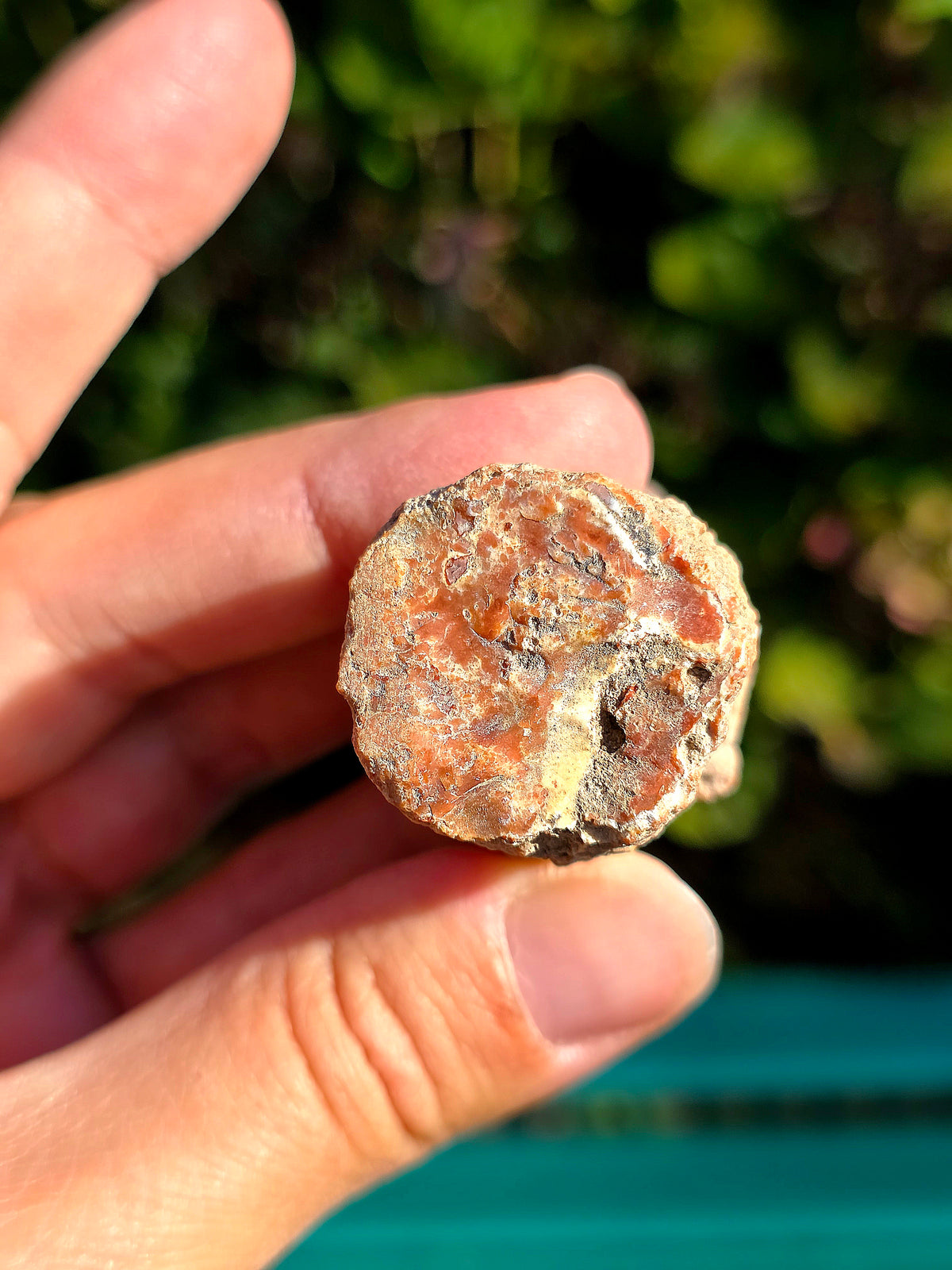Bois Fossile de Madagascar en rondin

———

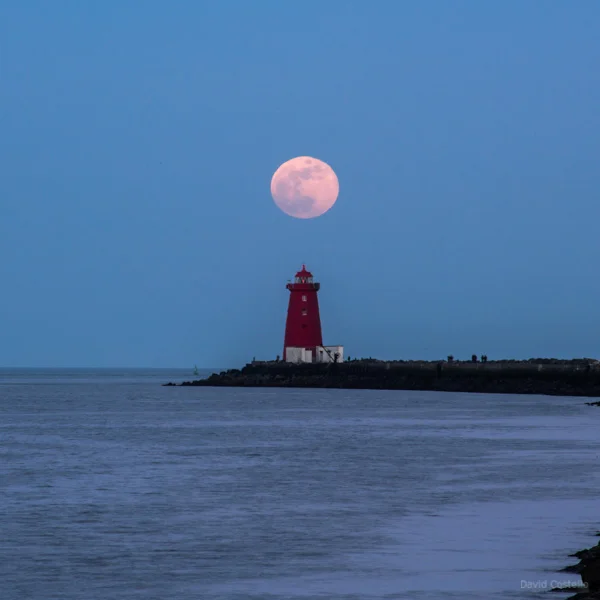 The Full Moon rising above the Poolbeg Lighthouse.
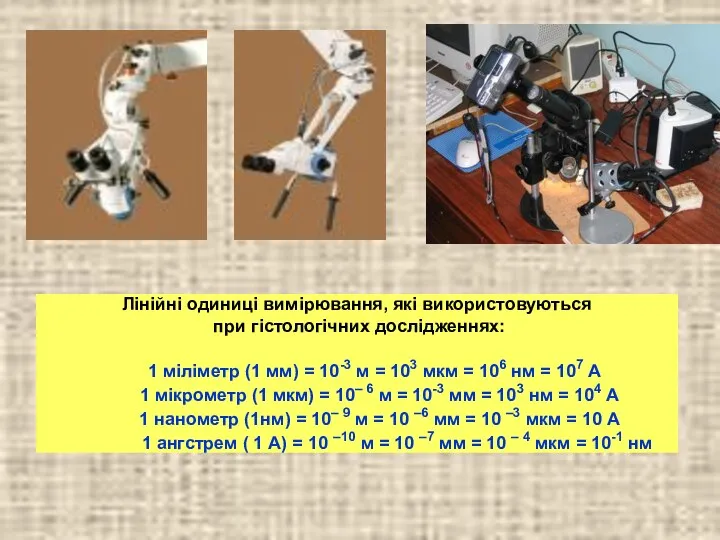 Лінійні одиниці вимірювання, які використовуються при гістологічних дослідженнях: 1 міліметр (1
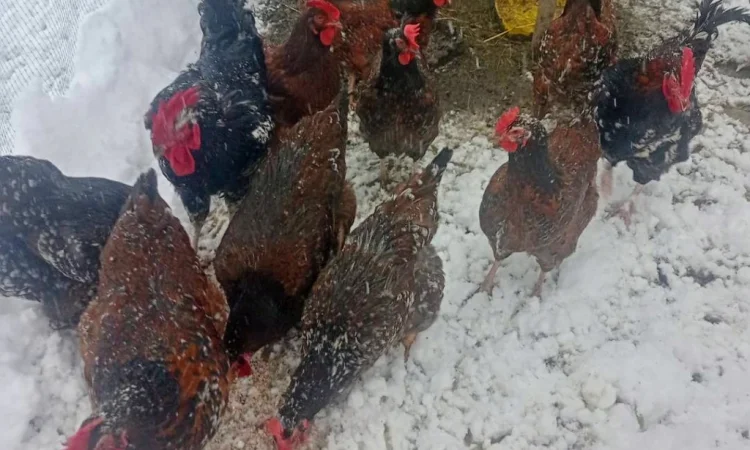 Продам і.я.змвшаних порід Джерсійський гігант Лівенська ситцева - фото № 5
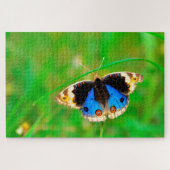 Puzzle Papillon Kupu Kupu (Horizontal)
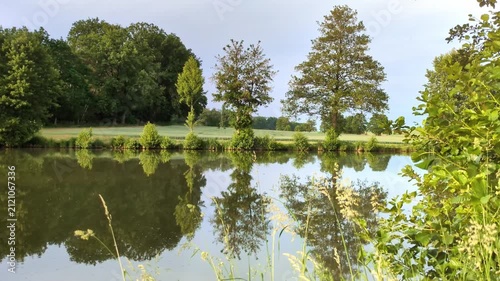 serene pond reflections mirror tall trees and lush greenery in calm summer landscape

———

Once the line with "Лінійні одиниці вимірювання, які" has been found above, output that line and every later line exactly, stopping after the line with "serene pond reflections", and omit the pictures.

 Лінійні одиниці вимірювання, які використовуються при гістологічних дослідженнях: 1 міліметр (1
 Продам і.я.змвшаних порід Джерсійський гігант Лівенська ситцева - фото № 5
 Puzzle Papillon Kupu Kupu (Horizontal)
 serene pond reflections mirror tall trees and lush greenery in calm summer landscape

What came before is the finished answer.